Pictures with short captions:

--------------------------------------------------

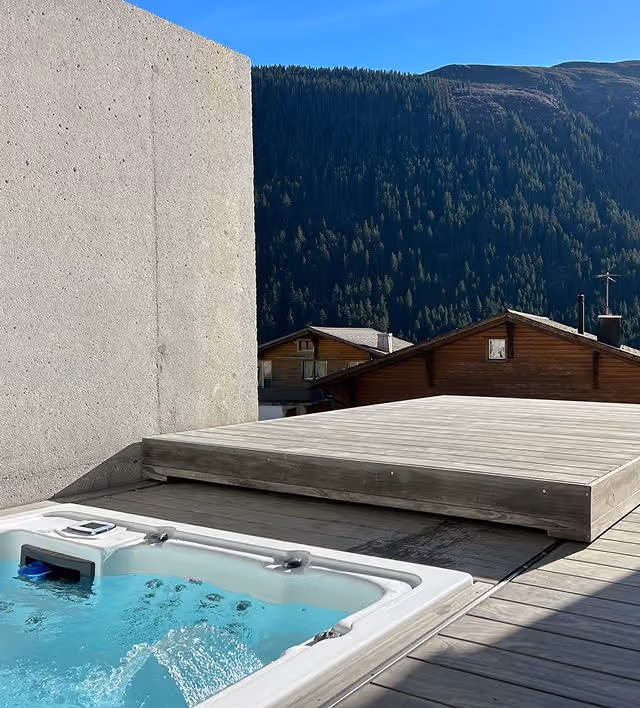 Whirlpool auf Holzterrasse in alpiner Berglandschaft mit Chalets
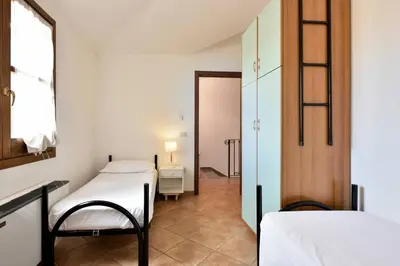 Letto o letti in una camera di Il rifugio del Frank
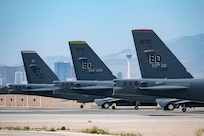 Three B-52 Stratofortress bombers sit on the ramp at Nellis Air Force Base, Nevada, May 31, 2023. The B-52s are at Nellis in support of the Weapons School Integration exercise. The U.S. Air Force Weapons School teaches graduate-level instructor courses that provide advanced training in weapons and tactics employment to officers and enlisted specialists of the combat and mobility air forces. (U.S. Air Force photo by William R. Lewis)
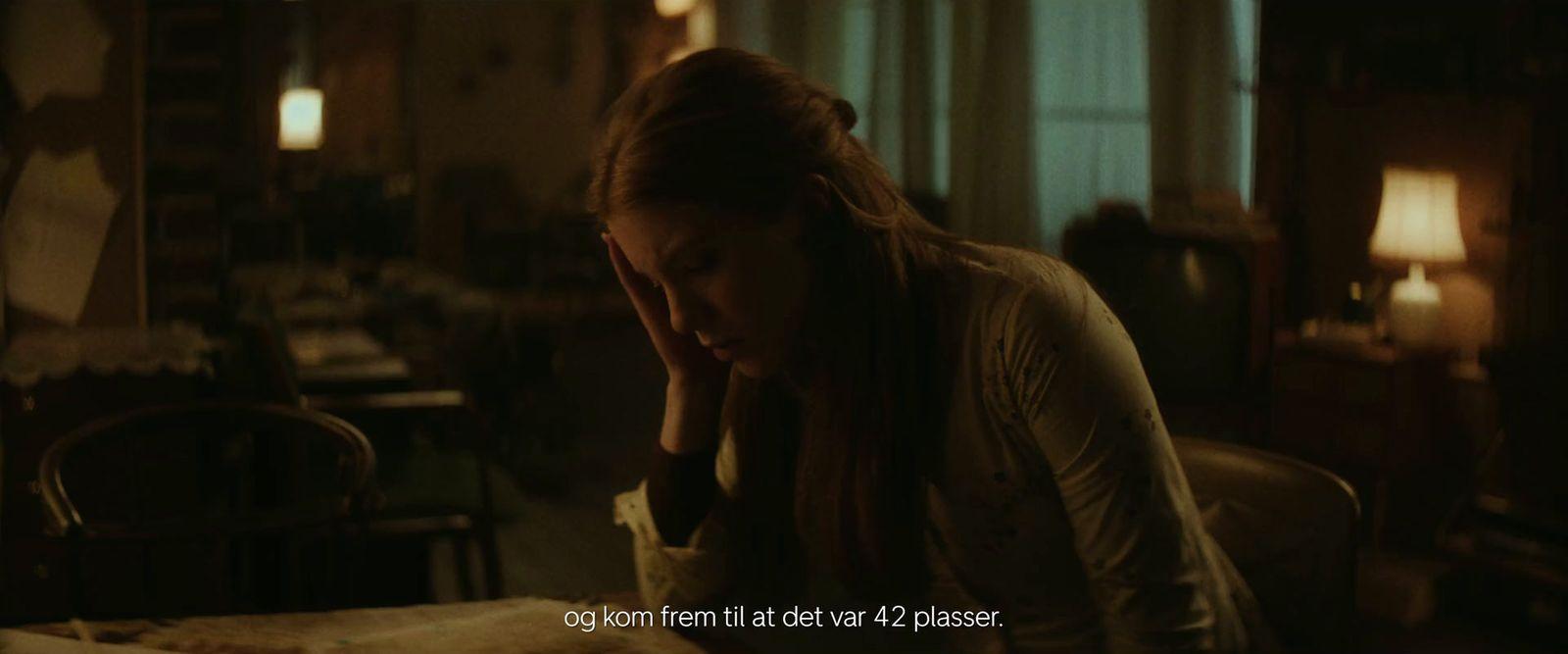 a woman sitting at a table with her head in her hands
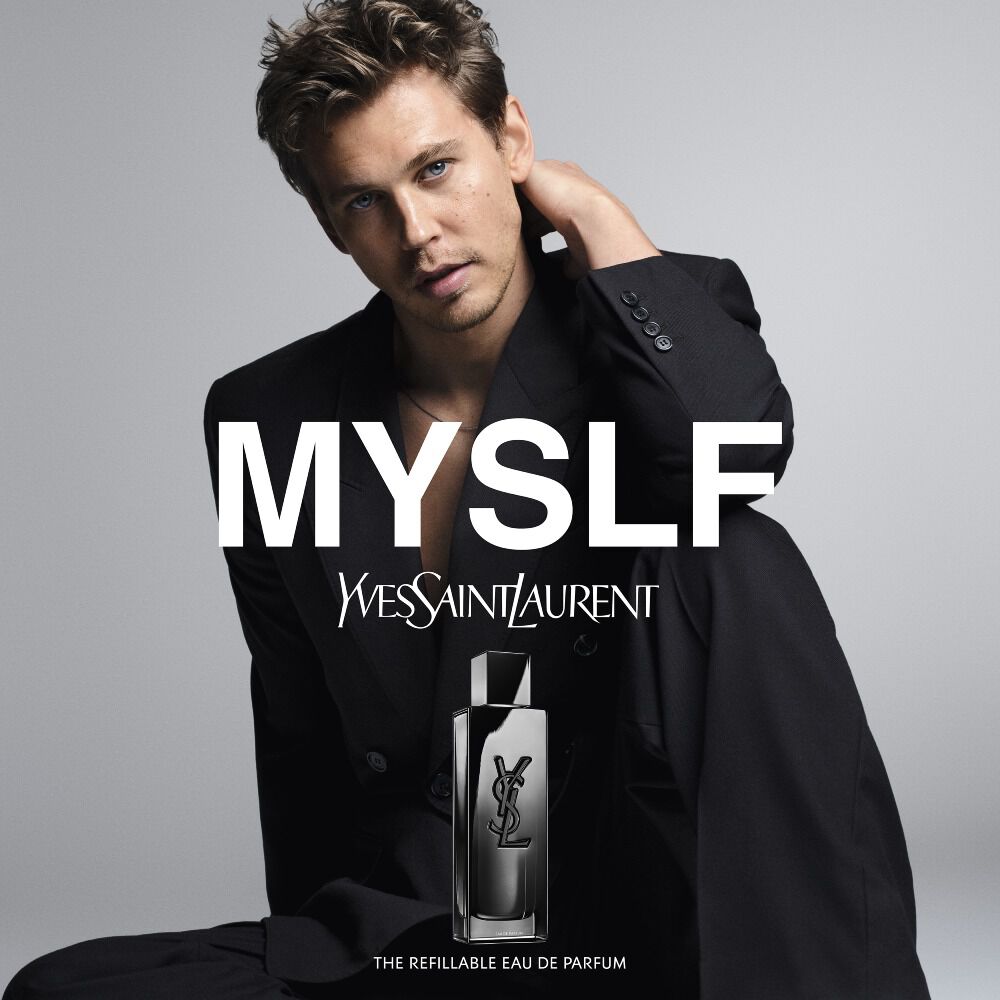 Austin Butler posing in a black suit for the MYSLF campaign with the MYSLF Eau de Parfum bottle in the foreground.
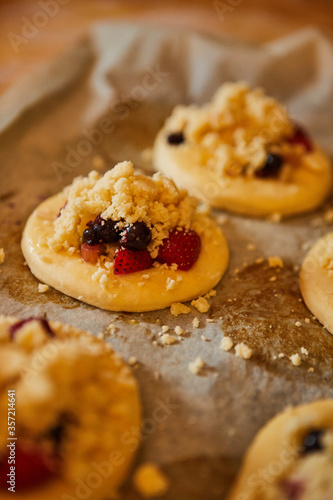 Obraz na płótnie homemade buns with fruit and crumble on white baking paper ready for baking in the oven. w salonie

--------------------------------------------------

BRIEF =
Only the lines from the one containing "a woman sitting" through the final line of the data should be given again, exactly and without pictures.

TASK ANSWER =
 a woman sitting at a table with her head in her hands
 Austin Butler posing in a black suit for the MYSLF campaign with the MYSLF Eau de Parfum bottle in the foreground.
 Obraz na płótnie homemade buns with fruit and crumble on white baking paper ready for baking in the oven. w salonie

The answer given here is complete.